Date: Fri, 6 Jun 2003 16:34:46 -0700
Reply-To: cassell.david@EPAMAIL.EPA.GOV
Sender: "SAS(r) Discussion" <SAS-L@LISTSERV.UGA.EDU>
From: "David L. Cassell" <cassell.david@EPAMAIL.EPA.GOV>
Subject: Re: Again SURVEYSELECT for stratified sampling
Content-type: text/plain; charset=us-ascii
SASKID <s4a3s2k1id@WEB.DE> wrote:
> Original message was: "It's getting closer. Which SURVEYSELECT method
> would you recommend if you wanted a stratified sample from a finite
> population in such a way that the sample keeps all the strata
> proportions of the population? Maybe PPS? For example, if the
population
> has N=1000, and male/female are50%/50%, and big/small 80%20%, which
> sampling method could you recommend to reach at at sample of, say,
> N=100, and male/female are50%/50%, and big/small 80%20%, too?

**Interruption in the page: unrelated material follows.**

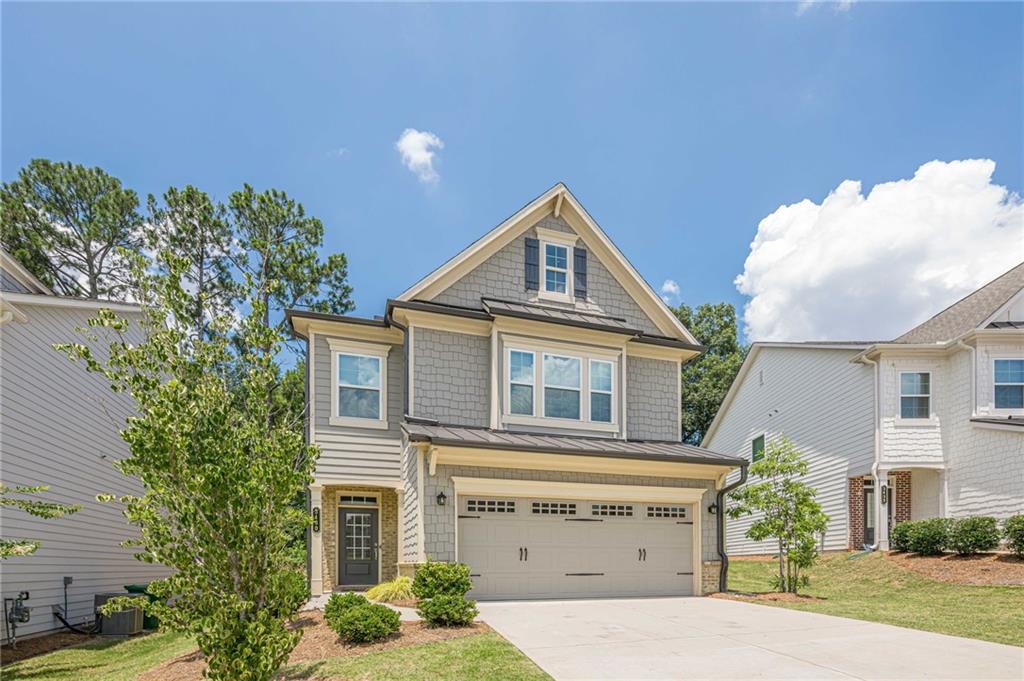 Nearly new and immaculate 4 bedroom, 2.5 bath home in sought-after Envoy at Decatur is an entertainer’s dream and your lawn maintenance is taken care of for you! Minutes to Decatur Square, Dekalb Farmers Market, Emory University/Village, dining, entertainment, the CDC, Tobie Grant Rec Center, all major expressways and everything that Atlanta has to offer! Features include open-concept main level living areas with abundant natural light and gorgeous luxury vinyl plank flooring! Gourmet granite and stainless kitchen with gas range/oven, plenty of cabinetry and counter space, huge center island with breakfast bar and convenient storage drawers, tile backsplash, and separate pantry! Family room with gas fireplace, dining area and views to level wooded back yard! Primary Suite with trey ceiling, updated lighting, spa bath with soaking tub, dual vanities, oversized tile shower and enormous closet with custom built-ins! Three secondary bedrooms have ample space for family, guests, or a home office! Well-maintained, immaculate property also features upgraded shelving in pantry, bedroom closets, and garage plus easy-care epoxy finished garage floor, instant hot water, smart digital thermostats, entryway shoe organizer and more! Beautifully landscaped level lot with back and side yards perfect for kids, pets and relaxing with friends and family! Lawn maintenance included in monthly fees! Easy living inside the Perimeter convenient to everything! Call to schedule your private tour today!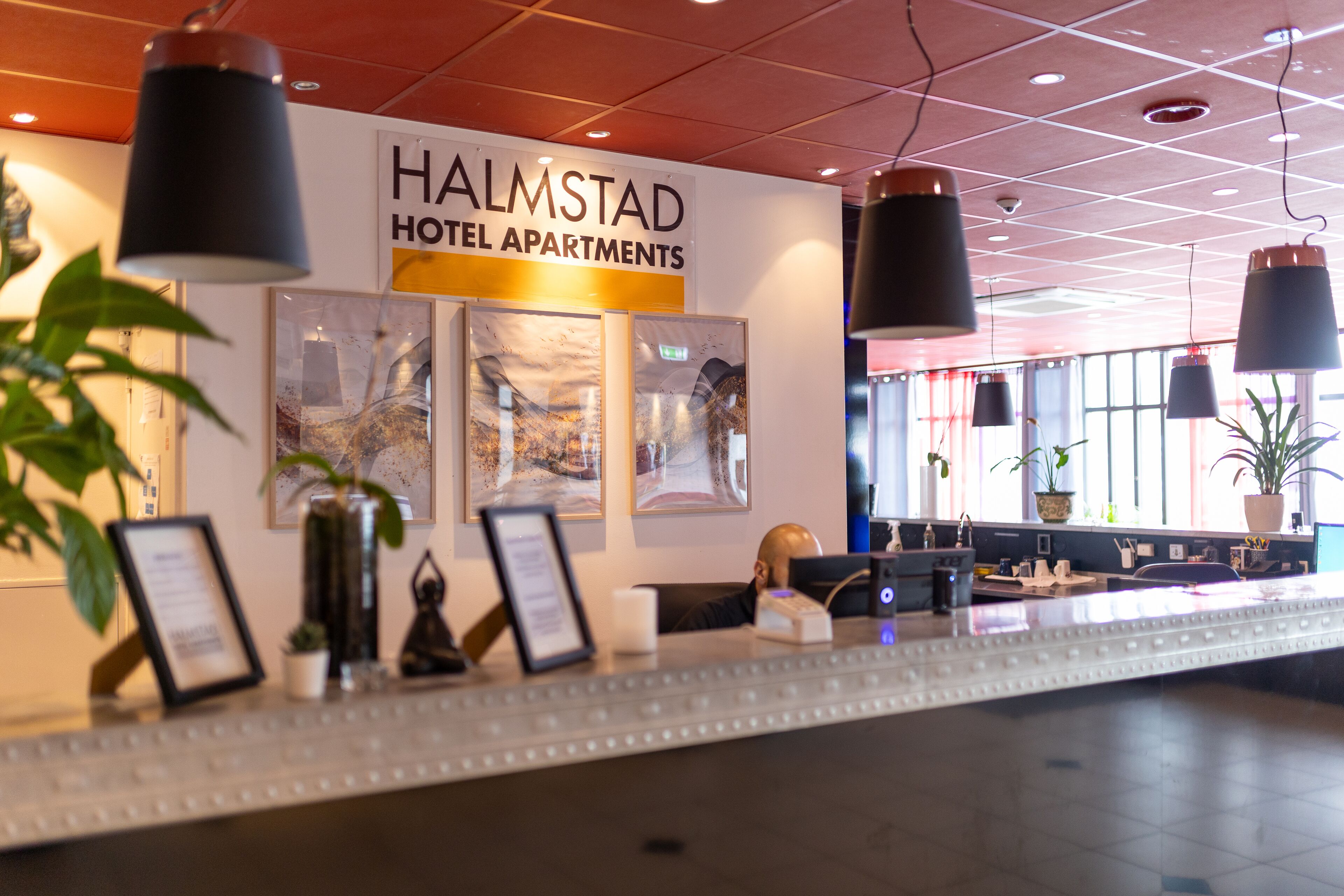 A hotel reception desk with a sign reading "HALMSTAD HOTEL APARTMENTS."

Perhaps I do not grasp all of what you are tryingto accomplish,
but if you want the proportions in the sample to mimic those in the
population, just take a simple random sample. That would be
METHOD=SRS .
Of course, you will not get *exactly* the numbers you want when you
do simple random sampling. If you need exact numbers (for some
unspecified reason), then you could make your four categories
(male or female, big or small) into four strata. Then sample each of
your four strata at 10%, to get much closer to the exact proportions
in your population. Still, unless the counts in these strata are
multiples of ten, you are not going to get *exactly* one-tenth.
Assume you performed a PROC FREQ and found that the four categories
look like this:
stratum male/female big/small count
1 M B 131
2 M S 582
3 F B 198
4 F S 89
Now you need to create a stratum variable with exactly the above
numbers,
and name it something, perhaps STRAT1.
Then you could specify your stratum sizes for your sample using
something
like this:
proc sort data=YourFrame;
by strat1;
run;
proc surveyselect data=YourFrame out=YourSample sampsize=(13,58,20,9)
method=srs seed=193756345;
id <your list of ID vars to be towed along>;
strata strat1;
run;
Note that the stratum sizes will be chosen *in* *order*, so sort the
frame data by the stratum, and make sure the stratum numbers match up
with the strata. Choose your own random seed, too.
HTH,
David
--
David Cassell, CSC
Cassell.David@epa.gov
Senior computing specialist
mathematical statistician
|